What is Organizational Culture?
An organization’s culture is its collective mindset. The patterns of widely shared (often unconscious) assumptions, beliefs, and values that form the basis of people’s ways of being, relating, and working, as well as the organization’s interaction with and success in its environment.
In other words, an organization’s culture shapes everything that takes place in that environment.

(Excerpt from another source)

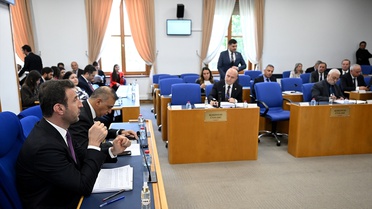 Emniyet Teşkilatına Yönelik Kanun Teklifi Görüşülüyor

How people interact, how things are done daily, and how culture change, organizational change and transformation is managed is all a direct reflection of an organization's culture.
What Kind of Culture Do You Have in Your Organization?
Take a moment to reflect on the culture in your organization.
- Does your culture reflect employees who are taken care of, or are your leaders inclined to pile work on them til they’re overwhelmed?
- How do your employees and leaders interact in times of stress and change?
- Is it acceptable for employees to ask questions, to say no, or to make suggestions for change?
- What gets rewarded or punished?
- What is the quality of working relationships?
- What is the level of authenticity and truth-telling?
- What gets monitored and/or reported?
- How are emotions handled?
- How are mistakes and breakdowns handled?
- Is there openness to learning and feedback?
- How is power used and/or shared?
- What is the level of cross-boundary support and collaboration?
- How are blame and rumors handled?
How Does Culture Change Impact the Success of Transformation?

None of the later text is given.